Le taux d'avortement complet après deux semaines de suivi a été de 84% avec le Misoprostol sublingual toutes les trois heures, de 85% avec la voie vaginale toutes les trois heures, de 78% avec la voie sublinguale toutes les 12 heures et de 83% avec la voie vaginale toutes les 12 h. Les saignements débuteront de 30 minutes à 48 heures après la prise du Misoprostol, habituellement dans les premières 12 heures. Il est normal d'avoir des caillots et des saignements abondants. Cela diminue lorsque l'expulsion de la grossesse sera complète. Les résultats obtenus montrent que le Misoprostol peut être utilisé par voie vaginale ou sublinguale pour l'IVG précoce. Lorsque l'administration vaginale est utilisée, les intervalles entre les doses peuvent s'étaler de trois à 12 heures sans affecter significativement l'efficacité. Cependant, si le Misoprostol est administré par voie sublinguale, des intervalles de trois heures entre doses sont plus efficaces que des intervalles de 12 heures, mais au prix de taux plus élevés d'effets indésirables.
CE MEDICAMENT EST CONTRE-INDIQUE TOUT AU LONG DE LA GROSSESSE
Il est clairement interdit dans la notice d’administrer Misoprostol encore appelé Cytotec 200 microgrammes du nom du fabricant, à une femme enceinte. Pour cause, sa prise peut induire des avortements, des malformations, des morts fœtales et des naissances prématurées. « Le traitement par Misoprostol ne doit être initié chez la femme en âge de procréer que si la grossesse est exclue. Il est important de prendre des mesures de contraception efficaces durant la période de traitement. Si une grossesse survient pendant le traitement, celui-ci doit être arrêté. Des cas de rupture utérine et d'hémorragies ont été rapportés lors d'utilisation de Cytotec 200 microgrammes par voie vaginale. Le Misoprostol doit être utilisé avec précaution en présence de maladie où l'hypotension peut entraîner des complications sévères. Des accidents cardiovasculaires graves potentiellement mortels (infarctus du myocarde et/ou spasmes coronaires et/ou accidents vasculaires cérébraux) ont été rapportés avec des prostaglandines, y compris le Misoprostol, en particulier lors de l'utilisation d'une posologie élevée. Les facteurs de risque cardiovasculaires (et notamment le tabagisme chronique et /ou récent, ...) seront pris en considération. Ce médicament contient de l’huile de ricin et peut provoquer des troubles digestifs (effet laxatif léger, diarrhée)», renseigne toujours la notice. Toutefois, du fait des contractions très fortes que la prise de Misoprosel peut provoquer, elle peut réussir à expulser une grossesse.

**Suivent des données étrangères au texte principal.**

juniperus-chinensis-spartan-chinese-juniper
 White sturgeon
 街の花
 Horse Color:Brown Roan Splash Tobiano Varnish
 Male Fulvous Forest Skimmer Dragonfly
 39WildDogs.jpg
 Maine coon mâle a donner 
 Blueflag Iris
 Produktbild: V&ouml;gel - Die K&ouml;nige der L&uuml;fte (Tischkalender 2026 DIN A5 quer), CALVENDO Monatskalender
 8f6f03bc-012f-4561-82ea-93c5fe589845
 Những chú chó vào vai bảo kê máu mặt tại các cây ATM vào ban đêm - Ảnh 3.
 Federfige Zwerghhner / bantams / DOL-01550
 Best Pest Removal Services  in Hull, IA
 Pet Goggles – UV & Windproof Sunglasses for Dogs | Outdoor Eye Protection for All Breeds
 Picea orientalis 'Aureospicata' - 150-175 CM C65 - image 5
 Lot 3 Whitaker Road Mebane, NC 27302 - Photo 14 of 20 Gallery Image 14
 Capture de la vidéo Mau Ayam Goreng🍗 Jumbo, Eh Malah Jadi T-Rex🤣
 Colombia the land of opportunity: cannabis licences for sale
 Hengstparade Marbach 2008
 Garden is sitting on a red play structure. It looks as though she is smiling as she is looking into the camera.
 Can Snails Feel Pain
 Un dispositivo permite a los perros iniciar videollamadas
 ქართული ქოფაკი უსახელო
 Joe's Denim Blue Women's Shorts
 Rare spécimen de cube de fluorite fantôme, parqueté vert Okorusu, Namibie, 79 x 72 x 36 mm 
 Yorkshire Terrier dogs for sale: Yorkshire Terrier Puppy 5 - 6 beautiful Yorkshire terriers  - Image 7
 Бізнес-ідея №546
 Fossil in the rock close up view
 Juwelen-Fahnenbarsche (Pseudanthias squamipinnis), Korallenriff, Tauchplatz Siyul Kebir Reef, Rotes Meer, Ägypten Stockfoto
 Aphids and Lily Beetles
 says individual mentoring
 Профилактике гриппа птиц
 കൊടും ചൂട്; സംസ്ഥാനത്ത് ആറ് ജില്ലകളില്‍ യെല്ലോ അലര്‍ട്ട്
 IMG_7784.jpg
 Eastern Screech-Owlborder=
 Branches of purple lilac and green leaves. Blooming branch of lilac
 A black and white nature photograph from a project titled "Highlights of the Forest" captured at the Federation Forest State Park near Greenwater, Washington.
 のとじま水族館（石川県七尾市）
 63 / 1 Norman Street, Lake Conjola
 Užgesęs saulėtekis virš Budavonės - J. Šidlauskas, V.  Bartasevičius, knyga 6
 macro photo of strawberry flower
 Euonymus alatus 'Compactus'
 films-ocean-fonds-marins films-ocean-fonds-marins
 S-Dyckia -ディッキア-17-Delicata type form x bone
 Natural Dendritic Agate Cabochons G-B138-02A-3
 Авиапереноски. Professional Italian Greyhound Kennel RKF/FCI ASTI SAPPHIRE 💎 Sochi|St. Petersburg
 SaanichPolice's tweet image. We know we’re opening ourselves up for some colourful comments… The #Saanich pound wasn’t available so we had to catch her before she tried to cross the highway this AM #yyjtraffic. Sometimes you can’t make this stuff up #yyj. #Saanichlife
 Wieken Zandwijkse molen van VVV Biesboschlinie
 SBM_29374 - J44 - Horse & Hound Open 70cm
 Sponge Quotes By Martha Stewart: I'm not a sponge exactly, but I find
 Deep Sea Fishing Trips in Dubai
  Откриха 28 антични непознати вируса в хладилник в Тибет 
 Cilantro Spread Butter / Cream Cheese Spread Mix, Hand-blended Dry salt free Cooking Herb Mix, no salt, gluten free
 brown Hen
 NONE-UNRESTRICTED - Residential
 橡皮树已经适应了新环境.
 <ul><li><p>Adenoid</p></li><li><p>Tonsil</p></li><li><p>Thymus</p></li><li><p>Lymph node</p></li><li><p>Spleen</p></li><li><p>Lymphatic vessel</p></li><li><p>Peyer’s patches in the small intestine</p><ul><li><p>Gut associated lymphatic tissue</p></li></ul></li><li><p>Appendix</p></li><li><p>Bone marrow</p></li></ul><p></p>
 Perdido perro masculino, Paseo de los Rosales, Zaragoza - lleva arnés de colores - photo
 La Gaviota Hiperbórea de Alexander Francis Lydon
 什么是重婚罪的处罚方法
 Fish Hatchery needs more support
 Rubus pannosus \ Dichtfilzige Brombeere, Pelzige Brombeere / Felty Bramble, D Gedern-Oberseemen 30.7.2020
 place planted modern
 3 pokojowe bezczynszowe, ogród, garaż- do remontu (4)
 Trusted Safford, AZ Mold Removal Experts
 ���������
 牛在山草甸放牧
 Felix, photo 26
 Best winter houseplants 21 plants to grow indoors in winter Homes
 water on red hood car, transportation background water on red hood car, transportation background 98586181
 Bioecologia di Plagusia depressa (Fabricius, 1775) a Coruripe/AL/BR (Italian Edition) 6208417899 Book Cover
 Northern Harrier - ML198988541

En outre, cette pratique illégale de l’avortement remet sur le tapis la lancinante question de de la dépénalisation de l’avortement au Sénégal, prônée par les militantes de la cause des femmes, dont la loi bien que figurant dans le protocole de Maputo que notre pays a ratifié en 2004 se heurte au refus des religieux (église comme musulmans avec des divergences au niveau des différentes écoles) qui considèrent que nul n’a le droit d’ôter la vie à quelqu’un.